The body consist of six stanzas with six lines in each. The sixth line of each stanza however, is not a distinct line but is the continuation of the fifth line. A rhyming scheme is incorporated throughout the entire poem. The first and second line of each stanza rhymes, and the third, fourth and sixth line also rhyme.

For instance, in the second stanza, gold from line one rhymes with cold from line two, and in the last stanza, weak in line one rhymes with speak in line two. Also, in the second stanza, bright from line three rhymes with light from line four and delight from line six. The fifth stanza is slightly unique from the rest of the body because lines one, two, three, four, and six all rhyme: sweet, meet, sleep, deep, and weep. The introductory stanza is also unique, having only four lines, and also having the first and second lines rhyme, age and page, and the third and fourth lines rhyme, time and crime. The grammar and diction in this poem, and also throughout his book, is quite unusual. Often, old English is used; such as removd, afar, o er, O, and Ona.

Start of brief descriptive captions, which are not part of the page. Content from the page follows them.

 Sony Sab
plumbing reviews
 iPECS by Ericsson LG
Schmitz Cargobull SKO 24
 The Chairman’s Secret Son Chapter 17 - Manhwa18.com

The words removd and o er merely exclude a single letter and the words afar and O are seen often in English poems, especially Shakespearean poems. The word Ona is the feminine form of One; an individual is personified as a little girl. Blake tends to capitalize only certain words in all of his poems, including the title. In this poem, he capitalized Girl, from the title, and Age, Love, and Gold from the body. There is no distinct pattern in his work but he tends to only capitalize those words that should be emphasized. Blake also likes to use colons, especially in this poem.

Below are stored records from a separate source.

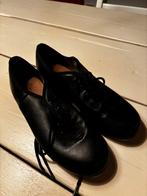 Tapschoenen maat 36, Ophalen of Verzenden, Zo goed als nieuw, Schoenen
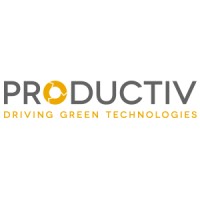 Productiv Ltd logo, Productiv Ltd contact details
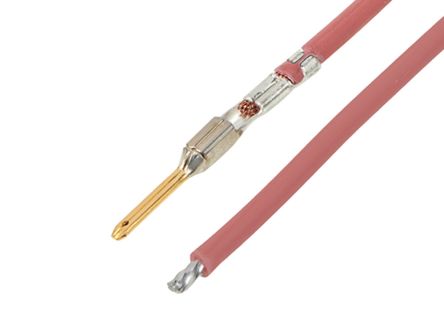 Molex 2163032226 2232972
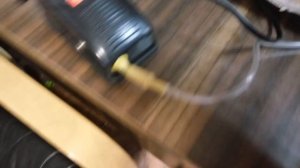 Как быстрее травить платы в хлорном железе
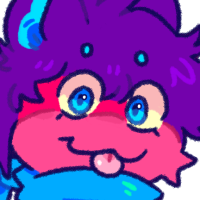 Thumbnail for AMI-1351: 🎨❌ // Pinko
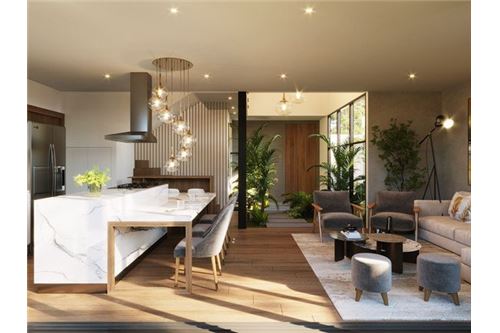 Villa - For Sale - Road to El Salvador, Guatemala, Guatemala - 5 - 902311022-95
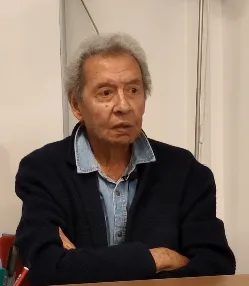 Can Gürzap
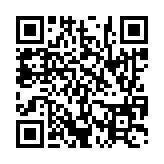 보도자료 페이지 바로가기 주소(https://www.jangseong.go.kr/q/ezIyN3w2NjIwMHxzaG93fHBhZ2U9OTZ9&e=M&s=3), QRCODE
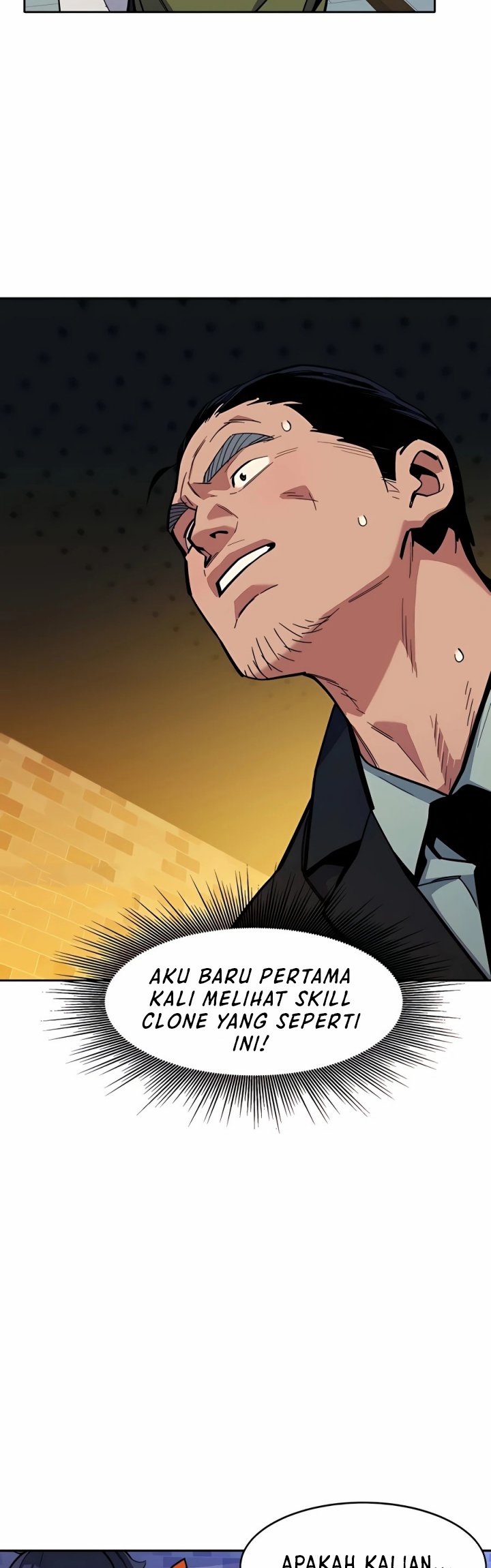 Halaman 83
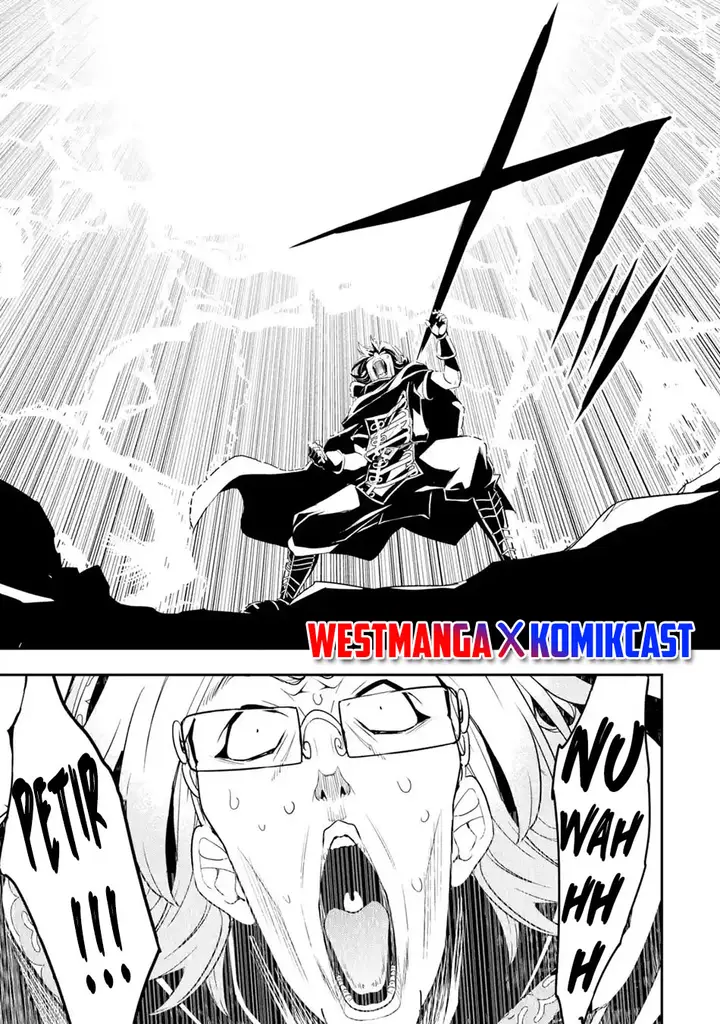 image-komik-rakudai-kenja-gakuin-no-msou-nidome-no-tensei-s-rank-cheat-majutsushi-boukenroku-chapter-16.2-4/9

A missing period at the end of his poem is extremely conspicuous and questions the ending of this poem. The poem, The Little GIRL Lost, is a tragic love between a girl and a boy and mainly a girl and her father. Blake conveys this tragedy through a structural six stanza lyrical poem that included a setting, characters, a plot, a climax and a downfall. It is amazing to see how a story that could be told in ten pages could be reduced to half a page with its full meaning preserved.

William Blake's lyrical poems in Songs of Experience are all written in similar form. Rhyme is incorporated in the majority of his poems, random capitalization's are also observed and there is frequent use of Old English. The content of each poem has its own distinct meaning but they all are inspired from Experiences, both good and evil.